Depuis 9-10 ans, vers le mois d’avril, le festival Sonic Protest gâte les habitants d’Ile de France avec une programmation pointue, éclectique et originale. Il serait trop long d’énumérer tous les artistes qui y sont passés pour nous divertir, nous surprendre, nous émouvoir, alors laissons l’équipe du festival nous raconter cette belle aventure, qui réservera encore beaucoup de surprises dans les prochaines éditions.

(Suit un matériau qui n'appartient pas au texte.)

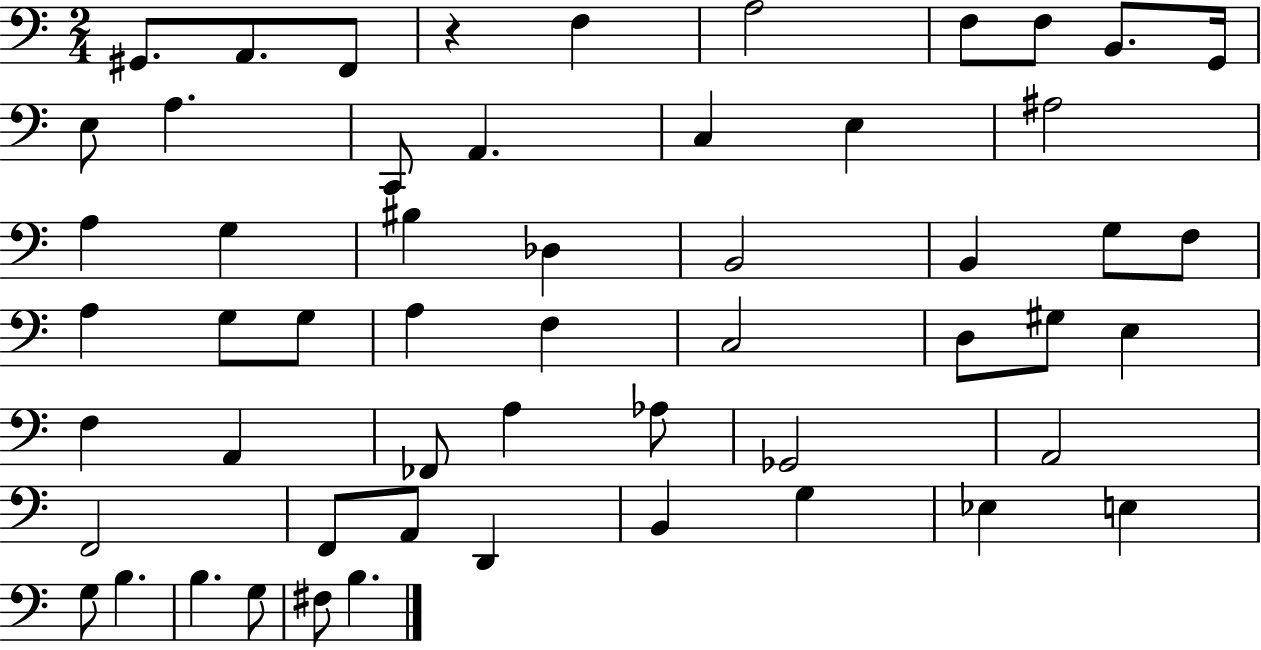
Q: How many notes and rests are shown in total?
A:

Vous pouvez nous parler de l’origine du projet Sonic Protest ? Une petite présentation de l’équipe.
Le projet vient de l’association en 2003 entre Benoit Sonette qui s’occupait à l’époque du label Textile Records, d’Arnaud Rivière qui était alors programmateur aux Instants Chavirés (à Montreuil) et de Frank de Quengo qui tenait et tient toujours la boutique Bimbo Tower (à Paris). On faisait des choses chacun dans nos coins respectifs et on a eu envie de bosser ensemble sur quelque chose de nouveau qu’on créerait tous les trois. En dix ans, pas mal de gens ont rejoint le mouvement et il y a désormais cinq-six personnes qui œuvrent quasiment à l’année pour préparer tout ça dont un administrateur, Nicolas Ciret, qui rend les choses floues carrées et Yann Le Flohic qui lui, depuis 2006 déjà, rend les choses impossibles, faisables. Pendant le festival une cinquantaine de bénévoles s’activent généreusement pour rendre tout ça possible. Merci à eux.


 
 Quelle en a été la motivation faire un nouveau festival à Paris ? Un vide à combler?
Le déclenchement s’est fait autour de la venue en Europe du groupe argentin mythique REYNOLS. On avait envie de bien les accueillir et ils restent assez emblématiques à nos yeux et nos oreilles d’une manière oblique d’aborder les choses. En tout cas, il n’y avait pas de plan pré-établi, la création du festival ne s’est pas faite suite à un bilan sur la situation locale ou nationale. On a juste simplement eu envie de faire quelque chose ensemble, de prendre du temps et du plaisir à imaginer et construire une manifestation qui montre des artistes dont les travaux nous émoustillent et surtout de le faire à notre manière.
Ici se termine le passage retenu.